納期に間に合うか 一部のゼネコンから焦り

 日立製作所は19日、国交省大臣認定に適合していないエレベーター約1万2,000台を設置していたと発表した。指定性能評価機関により、すべてのエレベーターで安全性は確認されている。不適合を是正し、新たに大臣認定を取得したため、設置済み・着工済みのエレベーターは現在の仕様のままで利用できるという「安全宣言」だ。

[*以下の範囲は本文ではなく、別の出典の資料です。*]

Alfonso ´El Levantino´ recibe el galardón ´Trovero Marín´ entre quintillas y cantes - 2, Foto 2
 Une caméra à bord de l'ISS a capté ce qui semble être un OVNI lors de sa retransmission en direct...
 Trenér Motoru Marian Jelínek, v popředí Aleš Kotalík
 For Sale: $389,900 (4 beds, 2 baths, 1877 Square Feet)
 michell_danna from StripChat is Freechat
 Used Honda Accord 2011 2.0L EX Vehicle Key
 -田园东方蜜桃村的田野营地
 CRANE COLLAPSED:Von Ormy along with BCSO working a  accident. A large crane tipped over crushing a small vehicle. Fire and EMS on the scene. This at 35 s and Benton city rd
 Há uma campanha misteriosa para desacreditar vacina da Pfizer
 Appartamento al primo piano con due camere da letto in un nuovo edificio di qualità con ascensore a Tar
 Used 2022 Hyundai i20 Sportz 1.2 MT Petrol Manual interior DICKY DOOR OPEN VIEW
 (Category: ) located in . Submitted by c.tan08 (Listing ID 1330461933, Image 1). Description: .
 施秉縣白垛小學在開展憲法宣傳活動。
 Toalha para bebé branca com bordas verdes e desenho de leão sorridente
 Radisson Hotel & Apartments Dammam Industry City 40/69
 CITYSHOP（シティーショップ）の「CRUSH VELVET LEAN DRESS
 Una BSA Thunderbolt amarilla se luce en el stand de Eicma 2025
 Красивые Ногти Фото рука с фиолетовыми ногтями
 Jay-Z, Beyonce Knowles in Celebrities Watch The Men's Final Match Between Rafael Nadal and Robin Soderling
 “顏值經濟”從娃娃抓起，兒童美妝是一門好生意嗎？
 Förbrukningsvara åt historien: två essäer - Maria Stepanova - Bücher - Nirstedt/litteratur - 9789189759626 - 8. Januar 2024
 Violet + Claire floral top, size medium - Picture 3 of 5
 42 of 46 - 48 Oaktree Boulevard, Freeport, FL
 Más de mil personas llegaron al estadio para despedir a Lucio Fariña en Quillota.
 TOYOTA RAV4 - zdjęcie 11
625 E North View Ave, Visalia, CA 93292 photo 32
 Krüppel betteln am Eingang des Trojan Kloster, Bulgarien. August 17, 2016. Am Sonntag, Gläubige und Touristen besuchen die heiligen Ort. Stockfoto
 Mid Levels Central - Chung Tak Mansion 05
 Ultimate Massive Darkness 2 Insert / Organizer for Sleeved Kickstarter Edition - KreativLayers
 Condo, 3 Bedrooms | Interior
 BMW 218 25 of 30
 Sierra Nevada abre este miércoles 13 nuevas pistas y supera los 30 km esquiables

 「過去に不適合はあったものの、是正したので、ご安心ください」という発表に見て取れるが、まだまだ安心できない立場の人もいる。悲痛な叫びが届いたのは、福岡市内のゼネコン社員からだった。「12月初めから日立エレベーターの工事が中断、施工完了後の検査も受けられず、建物引き渡しに影響が出ている。日立の営業担当に尋ねても、明確な中断理由が出てこなかった」――ゼネコンの不安を掻き立てたのは、工事中断の理由がわからないことだった。いつ再開できるのか、そのめども立たないまま、納期だけが近づいてくる。現場担当者の焦りは容易に想像がつく。

工事中断は不適合によるもの

 日立ビルシステムの広報担当者は、工事中断について、今回の不適合に起因するものと認めた。不適合が発覚した経緯は以下だ。最初に不適合が発覚したのは今年8月末。新製品の開発時に、大臣認定のスペックを用い、試験を行ったが、実際にはじき出された数値と理論値に大きな食い違いが生じた。速度監視装置のプログラムを見直したところ、不適合が発覚。以降、すべての大臣認定を確認し終え、不適合全9件がわかったのは11月28日だったという。

中断決定も公表はなし

 日立ビルシステムは12月4日に工事の一時中断を決定、社内に通知したというが、対外的な公表(ニュースリリース)は行っていない。以降、日立の営業担当者から施工業者へ工事中断が通知されたが、その理由の詳細は明らかにされていない。工事中断を公表しなかったことについて、同広報は「個別に事情が異なるため、コメントは差し控えますが、担当者によって、対応が異なっている可能性もあるので、迷惑をかけたかもしれません」と話した。

工事再開も納期に間に合うか

 12月4日から19日まで事実上工事が中断され、検査も進められなかったことになる。ゼネコン社員の話からも、工期が遅れ、引き渡しに支障が出ているのは間違いないようだ。年始は引き渡しを予定している物件が多い時期だけに、補償問題へ発展する可能性もある。同広報は「実際にそのような事態になれば、真摯に対応する。個別案件なので、そのような問い合わせが来ているかどうかも含め、答えられない」としている。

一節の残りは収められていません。